One wonders why they got married in the first place. Given that Mario and his family were on the Republican side, or red as Carmen says, why would she marry him. She loved the war, she says, wasn’t afraid, and had the time of her life. She was good, too, was married a virgin. But that didn’t pay off. Mario didn’t respect her, give her love, said on their wedding night, good night, and then turned over. There’s no passion, not like Paco who she knew as a young woman, and now as an older woman has been driven in his Citroen Tibaron, a car classes above the 600. It’s obvious that she is in love with him. The way she describes his eyes, eyes that still look good twenty years after they first met. That he excites her so is something she can’t handle. After complaining about all the things she’s put up with, she begs Mario’s forgiveness for feeling something. She claims she loves Mario, but she doesn’t. It’s Paco, the car, the attention after a loveless marriage, that attracts her.

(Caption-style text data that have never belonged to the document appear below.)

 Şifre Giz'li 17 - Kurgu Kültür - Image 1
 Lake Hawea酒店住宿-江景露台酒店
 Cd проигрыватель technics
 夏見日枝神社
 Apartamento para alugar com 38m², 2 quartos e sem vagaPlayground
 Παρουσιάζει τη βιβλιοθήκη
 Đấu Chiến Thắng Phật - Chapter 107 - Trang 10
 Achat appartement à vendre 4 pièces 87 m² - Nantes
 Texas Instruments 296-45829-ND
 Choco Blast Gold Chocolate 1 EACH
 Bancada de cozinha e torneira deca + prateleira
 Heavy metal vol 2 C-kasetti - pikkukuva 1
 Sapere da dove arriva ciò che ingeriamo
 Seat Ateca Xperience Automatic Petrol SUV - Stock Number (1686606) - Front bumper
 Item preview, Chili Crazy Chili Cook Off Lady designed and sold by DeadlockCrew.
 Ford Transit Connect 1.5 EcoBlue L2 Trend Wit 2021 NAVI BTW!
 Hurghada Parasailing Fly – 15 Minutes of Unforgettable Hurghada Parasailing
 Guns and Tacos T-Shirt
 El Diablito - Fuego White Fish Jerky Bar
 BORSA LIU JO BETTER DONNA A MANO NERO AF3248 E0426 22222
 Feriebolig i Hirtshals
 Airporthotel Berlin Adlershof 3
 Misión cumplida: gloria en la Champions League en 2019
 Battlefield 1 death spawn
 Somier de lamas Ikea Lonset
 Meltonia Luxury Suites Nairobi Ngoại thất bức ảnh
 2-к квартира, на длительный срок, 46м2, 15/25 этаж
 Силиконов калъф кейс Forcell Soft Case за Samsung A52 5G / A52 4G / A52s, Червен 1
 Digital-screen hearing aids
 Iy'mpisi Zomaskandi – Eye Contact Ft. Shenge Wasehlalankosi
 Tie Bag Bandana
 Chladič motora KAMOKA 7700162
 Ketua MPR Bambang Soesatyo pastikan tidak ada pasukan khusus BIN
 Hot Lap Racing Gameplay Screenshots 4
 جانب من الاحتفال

It’s the interplay between all these impulses, the conservatism, the resentment, the passion that never can be, that makes Cinco horas con Mario work. Moreover, there is a humor at times, one that even seems self depreciating. When Carmen mentions how Mario criticized her breast size she says,

…  los intelectuales deberían prohibirles ir a la playa, que así, tan flacos y tan crudios, resultan antiestéticos, más inmorales que los mismos bikinis.

… they should prohibit intellectuals from going to the beach, so thin and under cooked, they turn out antiesthetic, more immoral than bikinis.

Finally, the narration is full of life and idiomatic expressions that make the Cicno horas breathe. When describing how much she like the war she says,

Yo lo pasé fábula, Mario, para qué te voy a contar, toda la ciudad llena de gente, menudo barullo, que todavía no sé, te lo digo sinceramente, cómo no te planté entonces, recién novios, que cada vez venías del frente, con lo de tus hermanos y eso, en plan de revientafiestas, como pensativo, o amaragao, ¡qué sé yo!

It was marvelous, Mario, and I’ll tell you, the whole city full of people, what a racket, that I still don’t know, and I tell you this sincerely, how come you couldn’t hold your ground against them, us newly girlfriend and boyfriend, and every time you came back from the front with your brothers, planing to be a spoil sorts, pensive or bitter, oh, how I know!

Cinco horas con Mario is a complex book that can be read in many different ways. It’s slipperiness that makes it difficult to say exactly which direction Delibes was going when he wrote it. Nevertheless, it is worth of its reputation as a seminal work of 20th century Spanish literature.